YOUR GOAL: Retype exactly, and only, the lines from the one that contains "帽子540833481" through the final line of the entries.
┏━━
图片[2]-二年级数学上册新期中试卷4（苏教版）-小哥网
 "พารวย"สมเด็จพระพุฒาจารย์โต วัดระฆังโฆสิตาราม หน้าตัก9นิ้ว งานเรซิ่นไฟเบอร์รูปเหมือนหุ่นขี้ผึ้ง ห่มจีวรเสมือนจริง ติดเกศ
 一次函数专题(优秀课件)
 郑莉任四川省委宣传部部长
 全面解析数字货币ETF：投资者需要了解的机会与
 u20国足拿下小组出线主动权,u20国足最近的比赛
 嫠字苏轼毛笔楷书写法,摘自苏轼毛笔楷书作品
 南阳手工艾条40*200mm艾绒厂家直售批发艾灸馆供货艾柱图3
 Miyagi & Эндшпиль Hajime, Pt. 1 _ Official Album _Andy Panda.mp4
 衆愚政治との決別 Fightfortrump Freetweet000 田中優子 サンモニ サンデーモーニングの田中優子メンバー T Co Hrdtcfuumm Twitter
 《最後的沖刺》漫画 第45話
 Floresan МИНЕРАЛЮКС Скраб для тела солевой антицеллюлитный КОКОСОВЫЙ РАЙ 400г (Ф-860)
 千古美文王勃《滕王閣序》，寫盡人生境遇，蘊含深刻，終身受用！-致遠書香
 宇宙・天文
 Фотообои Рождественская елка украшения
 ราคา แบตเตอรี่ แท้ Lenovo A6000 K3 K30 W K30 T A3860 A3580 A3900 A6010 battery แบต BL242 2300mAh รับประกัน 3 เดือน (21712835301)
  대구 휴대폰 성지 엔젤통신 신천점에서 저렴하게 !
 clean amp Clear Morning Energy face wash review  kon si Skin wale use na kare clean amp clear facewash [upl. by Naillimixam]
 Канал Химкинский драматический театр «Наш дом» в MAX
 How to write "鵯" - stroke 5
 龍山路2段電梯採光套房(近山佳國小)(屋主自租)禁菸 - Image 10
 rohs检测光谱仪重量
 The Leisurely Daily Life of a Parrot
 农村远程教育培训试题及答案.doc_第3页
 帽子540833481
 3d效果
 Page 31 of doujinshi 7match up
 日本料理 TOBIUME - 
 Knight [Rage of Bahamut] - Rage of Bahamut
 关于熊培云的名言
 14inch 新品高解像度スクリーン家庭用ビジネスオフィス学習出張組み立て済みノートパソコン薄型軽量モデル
┗━━
YOUR SOLUTION:
 帽子540833481
 3d效果
 Page 31 of doujinshi 7match up
 日本料理 TOBIUME - 
 Knight [Rage of Bahamut] - Rage of Bahamut
 关于熊培云的名言
 14inch 新品高解像度スクリーン家庭用ビジネスオフィス学習出張組み立て済みノートパソコン薄型軽量モデル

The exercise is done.